§ **Directions**
The listing must be copied out in full and exactly; no images go with it.

§ **Records for this task**
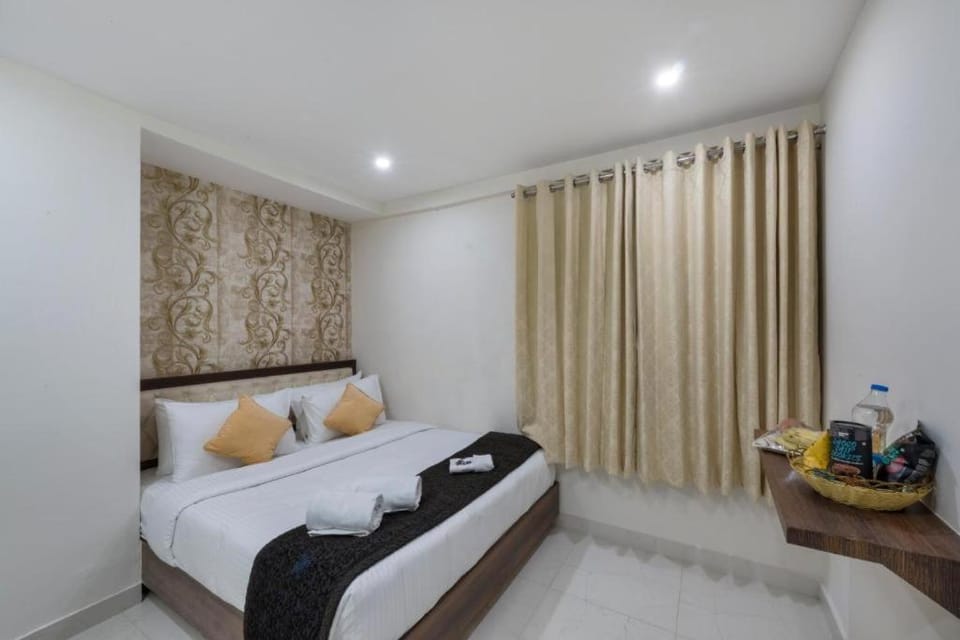 T S Royal Grand Hotel Hotel in Bengaluru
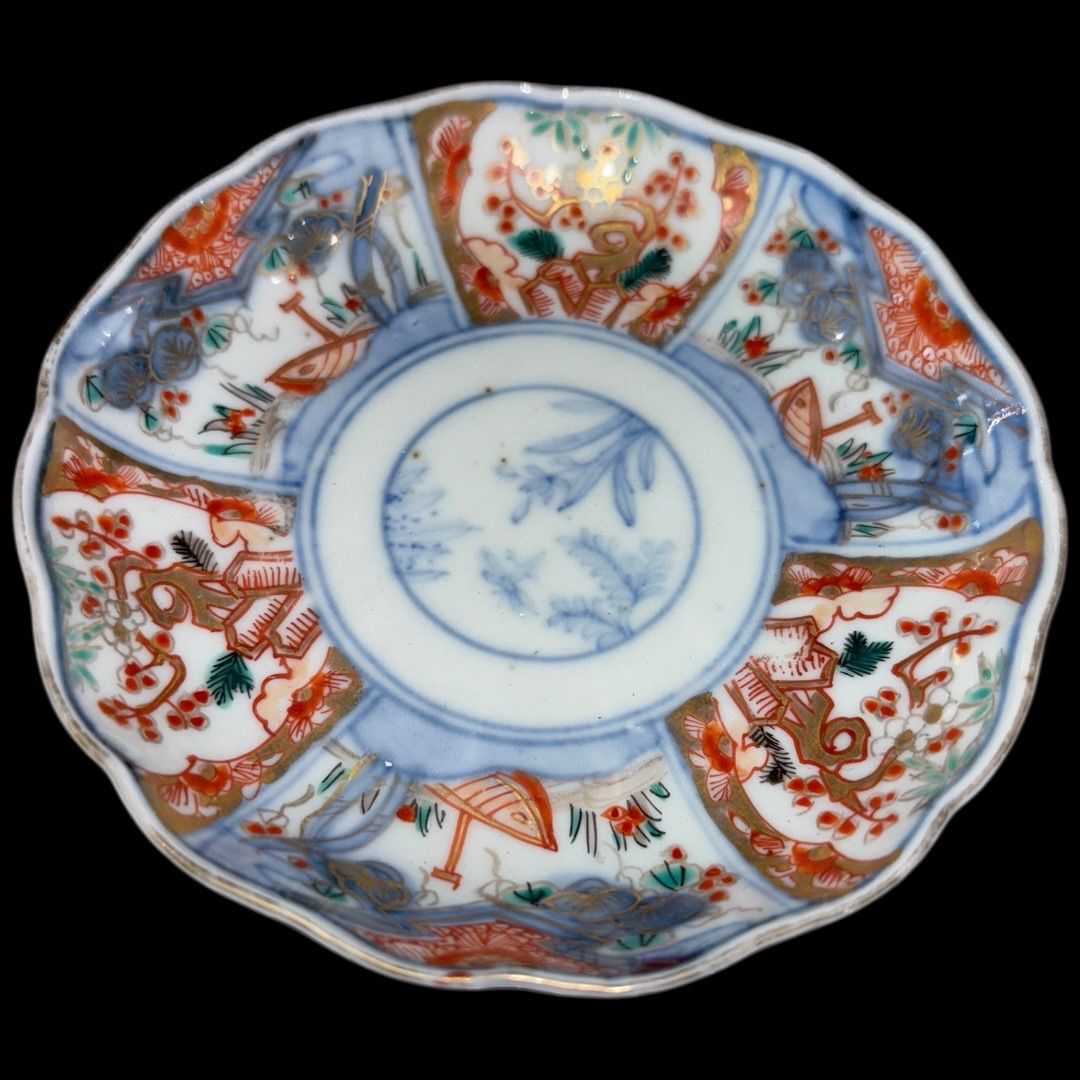 骨董・金彩縁起柄色絵 銘々皿 五客揃い 骨董・金彩縁起柄色絵 銘々皿 五客揃い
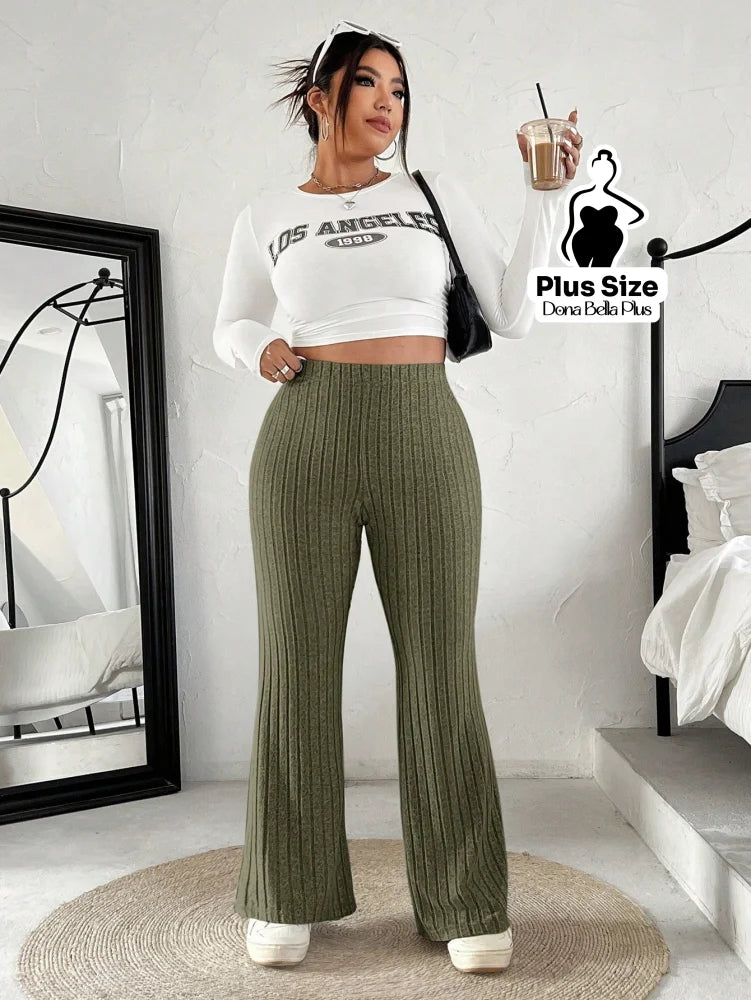 Calça Flare Canelada com Modelagem Confortável Calça Flare Canelada com Modelagem Confortável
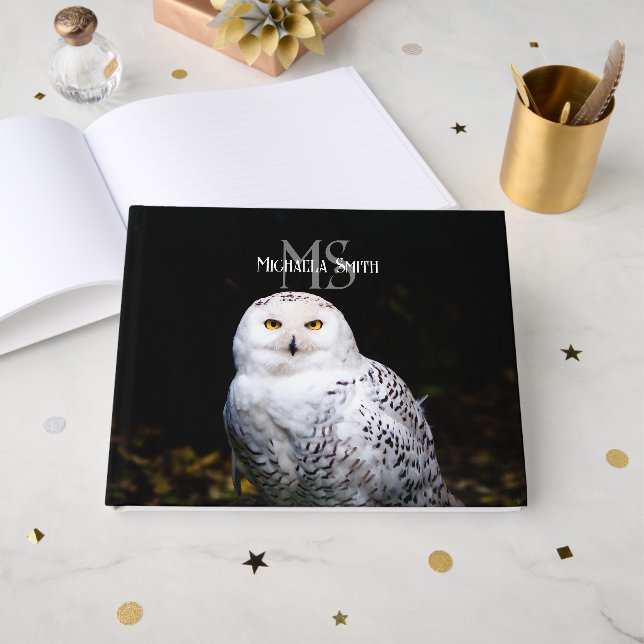 Majestisk vinter snöuggla monogram anpassat namn gästböcker (Framsida Öppen)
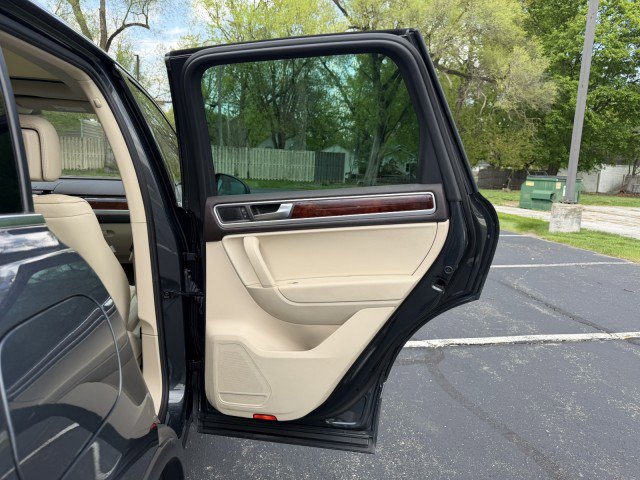 Used 2013 Volkswagen Touareg Executive image 26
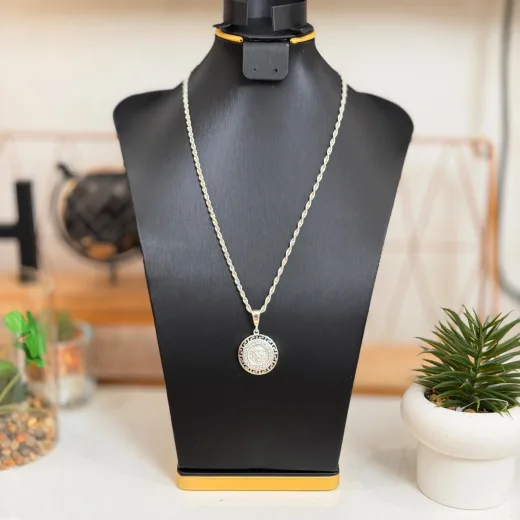 Le Collier Clé des Secrets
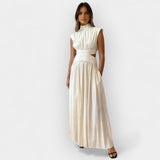 Elegantne kleit lõikega-Välja üksikasjad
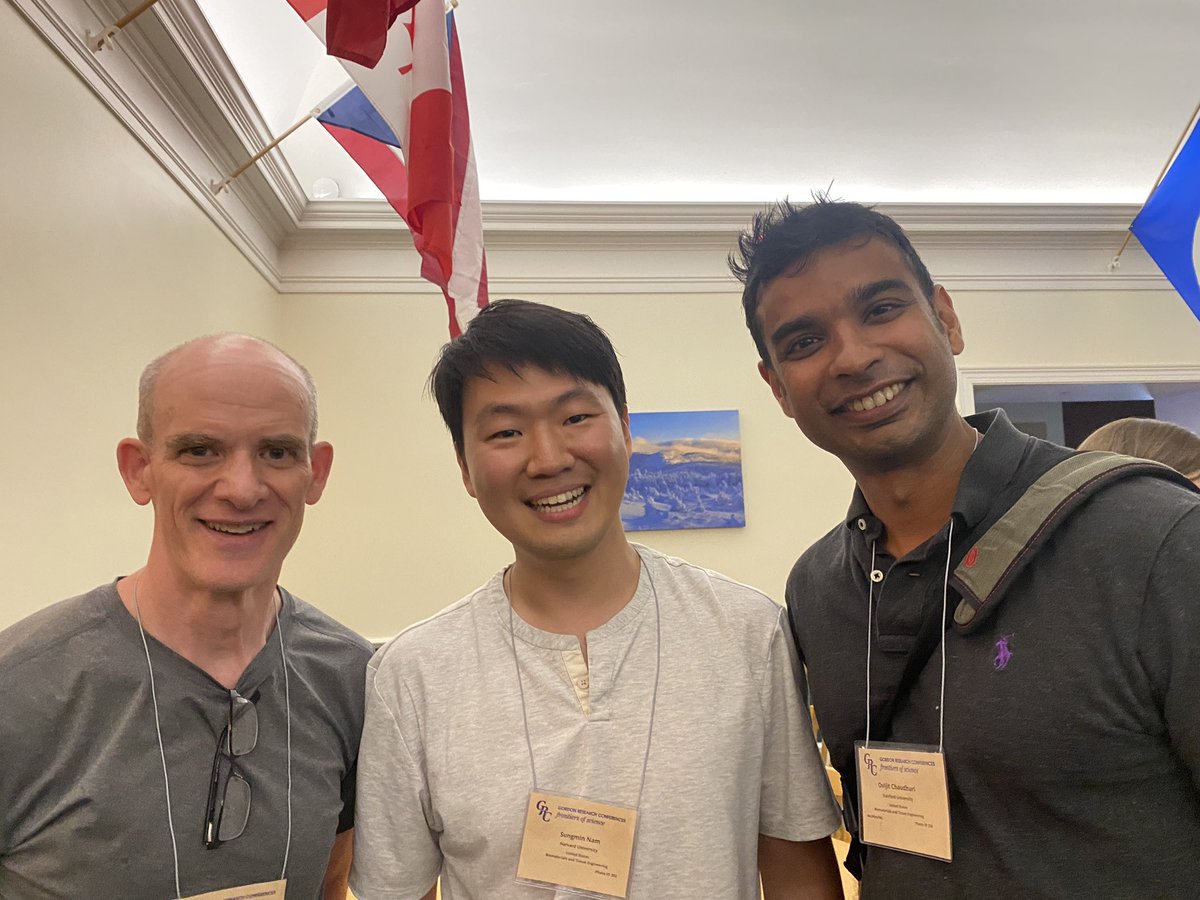 Experiencing one of those unforgettable moments - meeting with both my PhD advisor, <a href="/theChaudhurilab/">the Chaudhuri lab</a> and postdoc mentor, David Mooney, at the same conference! Thanks to <a href="/seguralab/">Tatiana Segura</a> &amp; Andy Putnam for organizing this brilliant event. 
Photo credit: <a href="/seguralab/">Tatiana Segura</a>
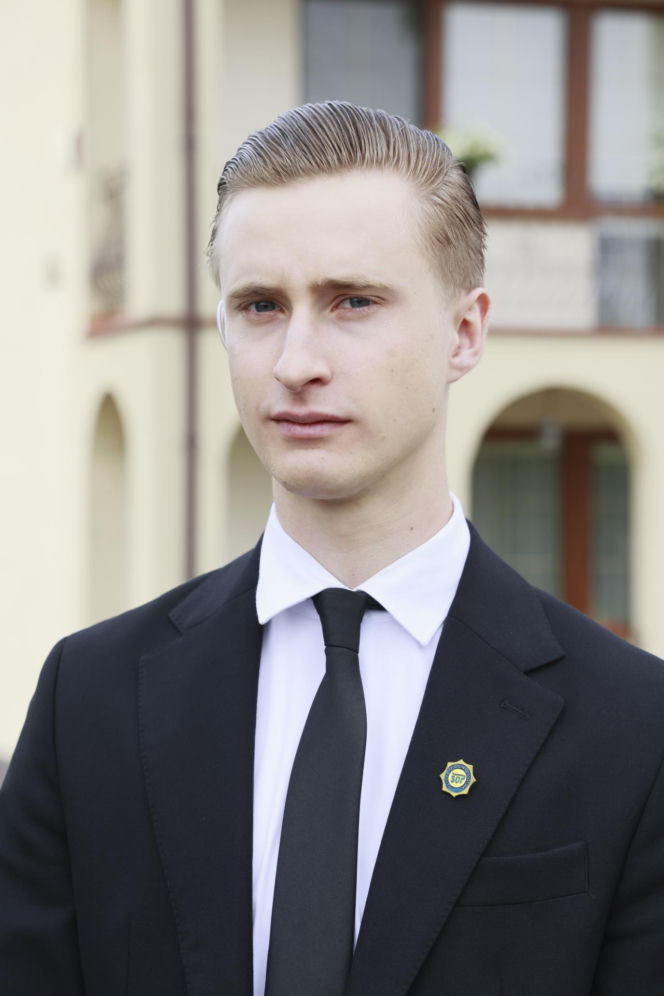 Na zdjęciach z planu "Rancza" zabrakło Olbrychskiego! Za to Lucy kwitnie, a Żak z Barcisiem stają w szranki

§ **Problem solution**
 T S Royal Grand Hotel Hotel in Bengaluru
 骨董・金彩縁起柄色絵 銘々皿 五客揃い 骨董・金彩縁起柄色絵 銘々皿 五客揃い
 Calça Flare Canelada com Modelagem Confortável Calça Flare Canelada com Modelagem Confortável
 Majestisk vinter snöuggla monogram anpassat namn gästböcker (Framsida Öppen)
 Used 2013 Volkswagen Touareg Executive image 26
 Le Collier Clé des Secrets
 Elegantne kleit lõikega-Välja üksikasjad
 Experiencing one of those unforgettable moments - meeting with both my PhD advisor, <a href="/theChaudhurilab/">the Chaudhuri lab</a> and postdoc mentor, David Mooney, at the same conference! Thanks to <a href="/seguralab/">Tatiana Segura</a> &amp; Andy Putnam for organizing this brilliant event. 
Photo credit: <a href="/seguralab/">Tatiana Segura</a>
 Na zdjęciach z planu "Rancza" zabrakło Olbrychskiego! Za to Lucy kwitnie, a Żak z Barcisiem stają w szranki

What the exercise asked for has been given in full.